Trait Content

Source

pub trait Content: Debug {
    type Literal<'a>: IntoBuf
       where Self: 'a;

    // Required methods
    fn literal<'a>(&'a self) -> Self::Literal<'a>;
    fn is_escaped(&self) -> bool;
    fn unescaped<'a>(&'a self) -> Unescaped<Self::Literal<'a>>;

    // Provided method
    fn literal_len(&self) -> usize { ... }
}

Expand description

Text content of a JSON token.

Contains the actual textual content of the JSON token read from the JSON text. This is in distinction to Token, which only indicates the type of the token.

For example, consider the following JSON text:

"foo"

The above JSON text contains one token whose type is Token::Str and whose content is "foo".

Required Associated Types§

Source

type Literal<'a>: IntoBuf where Self: 'a

Type that contains the literal string of the token exactly as it appears in the JSON text.

Required Methods§

Source

fn literal<'a>(&'a self) -> Self::Literal<'a>

Returns the literal content of the token exactly as it appears in the JSON text.

§Static content tokens

For token types with a static text content, e.g., Token::NameSep, the value returned is the static content, e.g., :.

§Numbers

For number tokens, the value returned is the literal text of the number token.

§Strings

For string tokens, the value returned is the literal text of the string token including the opening and closing double quote (") characters. Therefore, every string token has length at least two and the unquoted value can be extracted by dropping the first and last characters.

Because the return value contains the entire literal string token as it appears in the JSON text, any escape sequences the string may contain are not expanded. This has the benefit of supporting the following use cases: allowing lexical analyzer implementations to minimize or eliminate allocations when returning token values; and allowing applications to observe or edit a stream of JSON tokens without making any unintended changes to the raw JSON input.

Some applications need to have escape sequences expanded in order to work with normalized strings. For example, it’s pretty hard to reliably do a dictionary lookup for the name "foo" if the literal value might be "fo\u006f", "f\u006f\u006f", "\u0066oo", etc. To check if the string contains an escape sequence, use is_escaped; and to obtain the normalized value with all escape sequences expanded, use unescaped.

§Whitespace

For whitespace tokens, the value returned is the literal string of whitespace characters.

§End of file

For the pseudo-token Token::Eof, the value is the empty string.

Source

fn is_escaped(&self) -> bool

Indicates whether the token content contains escape sequences.

This method must always return false for all token types except Token::Str. For Token::Str, it must return true if the literal text of the string token contains at least one escape sequence, and false otherwise.

Source

fn unescaped<'a>(&'a self) -> Unescaped<Self::Literal<'a>>

Returns a normalized version of literal with all escape sequences in the JSON text fully expanded.

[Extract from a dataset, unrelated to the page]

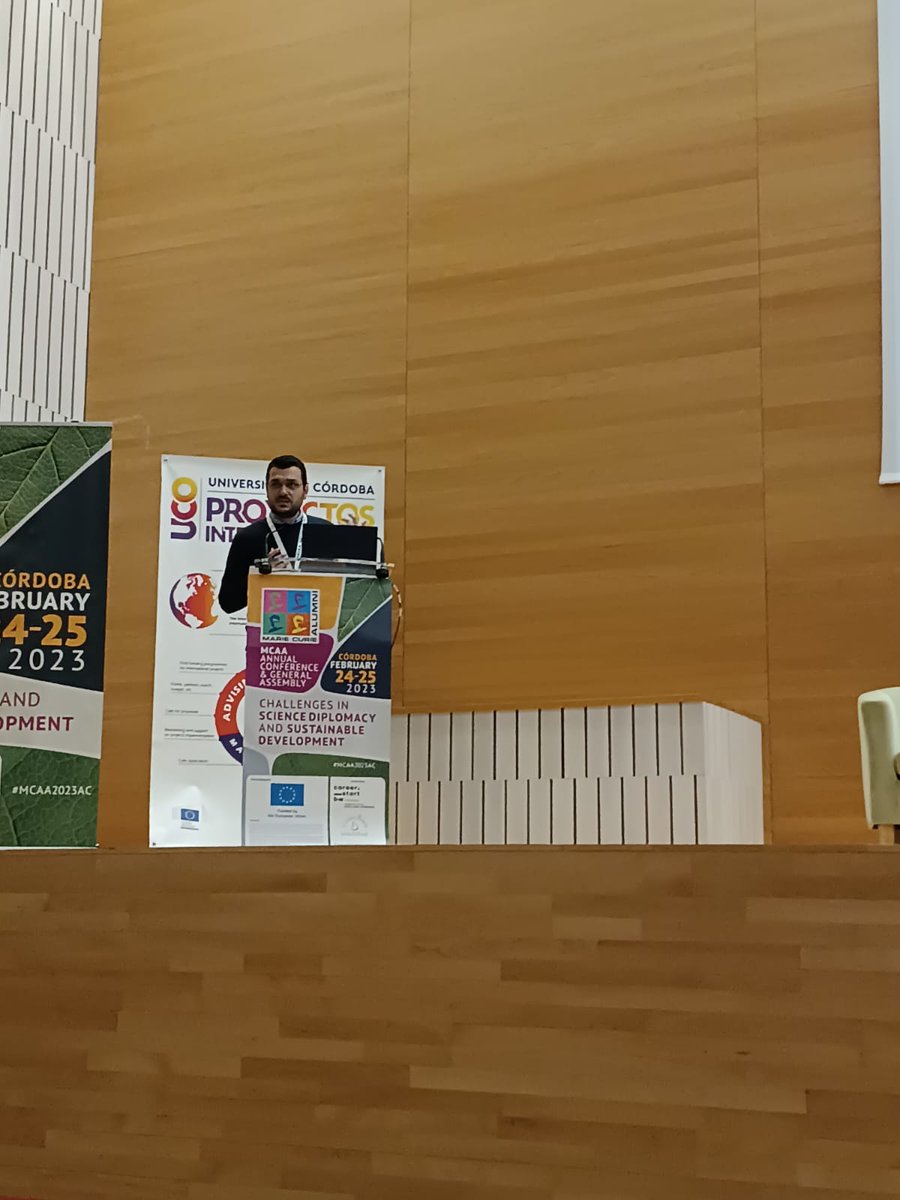 CodeLegoProject's tweet image. #MSCA-IF fellow Dr Gurkan Yildirim have presented the ongoing works of CodeDEMO Project with a 3-minute lightning talk on the Fully Construction and Demolition Waste (CDW)-based Structural Mortars and Concretes at the #MCAA 2023 Annual Conference and General Assembly in Cordoba.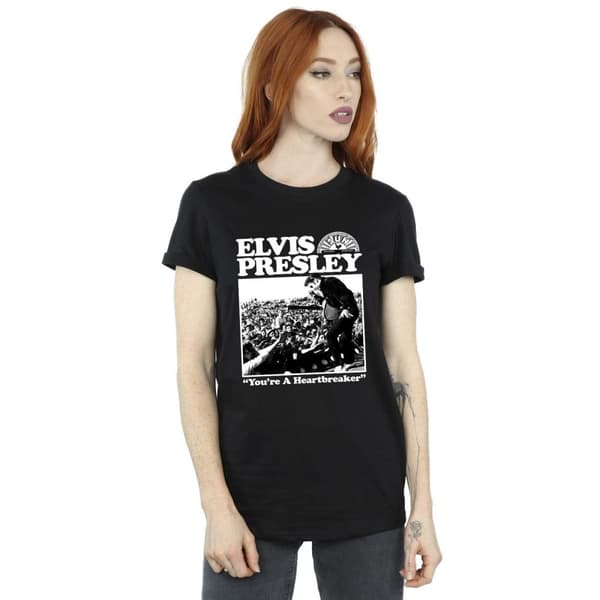 Elvis Womens/Ladies A Heartbreaker Cotton Boyfriend T-Shirt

For non-string tokens, and string tokens for which is_escaped returns false, this method returns an Unescaped::Literal containing the same value returned by literal.

For string tokens with one or more escape sequences, this method returns an Unescaped::Expanded containing a normalized version of the string value with the escape sequences expanded. An allocation will be triggered by this expansion, so it may be preferable to cache the value returned rather than calling this method repeatedly on the same content.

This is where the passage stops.